If the sensor paths are perfectly known, then you can just treat this as a regular Kalman filtering exercise. For each sensor $k$, find a function $$(\mathbf y_k, \mathbf R_k) = f_k(\mathbf x_t, \mathbf x_k) \tag 1$$ where $\mathbf y_k$ is the measure you get from the sensor, $\mathbf R_k$ is the measurement noise, $\mathbf x_t$ is your target's state (presumably position and velocity), and $\mathbf x_k$ is your sensor's state (presumably position, velocity, and orientation, but really whatever is necessary).

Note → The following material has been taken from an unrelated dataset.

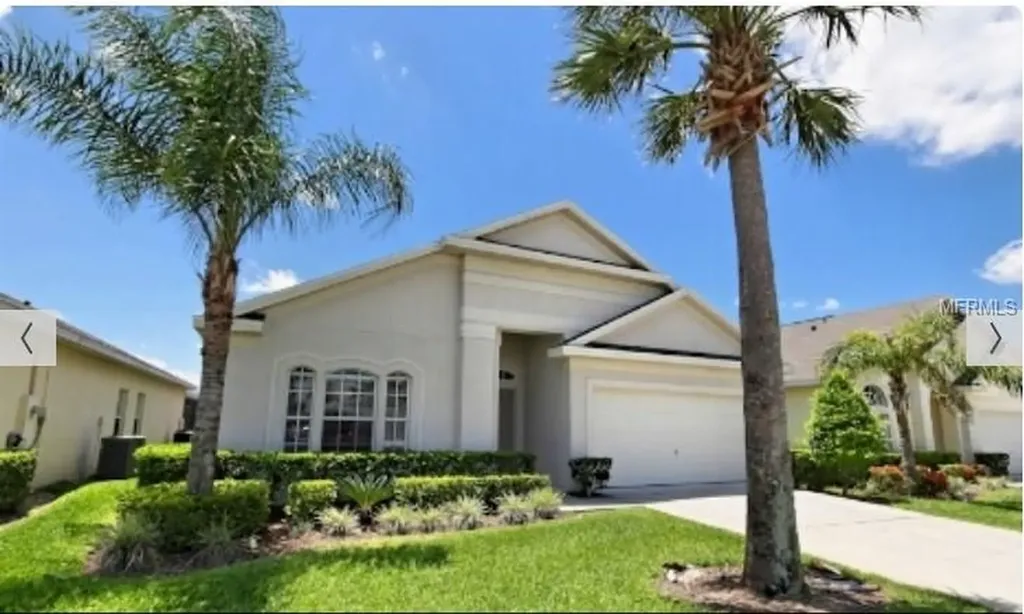 1918 Morning Star Drive Clermont FL 34714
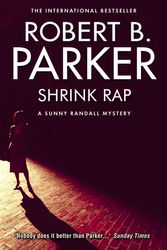 Cover Art for 9781843444374, Shrink Rap by Robert B. Parker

Then construct your Kalman filter such that the $\mathbf x_t$, $\mathbf P$, etc., are normal, and the measurement vector is the stack of all of the $\mathbf y_k$; i.e. $$\mathbf y = \begin{bmatrix} \mathbf y_1 \\ \mathbf y_2 \\ \vdots \end{bmatrix}. \tag 2$$

If your $f_k$ are linear in $\mathbf x_t$, i.e. they are all of the form $f_k(\mathbf x_t, \mathbf x_k) = \mathbf H_k(\mathbf x_k) \mathbf x_t$, then in your Kalman formulation your measurement matrix is $$\mathbf H = \begin{bmatrix}\mathbf H_1 & \mathbf H_2 & \cdots \end{bmatrix} \tag 3$$

If your $f_k$ are not linear in $\mathbf x_t$, then you'd need to use some nonlinear Kalman technique; i.e. for an extended Kalman filter you would use $\mathbf H_k = \frac{\partial}{\partial \mathbf x_t} f(\mathbf x_t, \mathbf x_k)$, for fancier nonlinear Kalman filter implementations you would -- well -- get fancier.

Your measurement noise matrix (assuming all the measurements are independent) would be $$\mathbf R = \begin{bmatrix} \mathbf R_1 & \mathbf 0 & \mathbf 0 & \mathbf 0 \\ \mathbf 0 & \mathbf R_2 & \mathbf 0 & \mathbf 0 \\ \mathbf 0 & \mathbf 0 & \ddots & \mathbf 0 \\ \mathbf 0 & \mathbf 0 & \mathbf 0 & \mathbf R_K \end{bmatrix}. \tag 4$$

Everything else would be a bog-standard Kalman filter.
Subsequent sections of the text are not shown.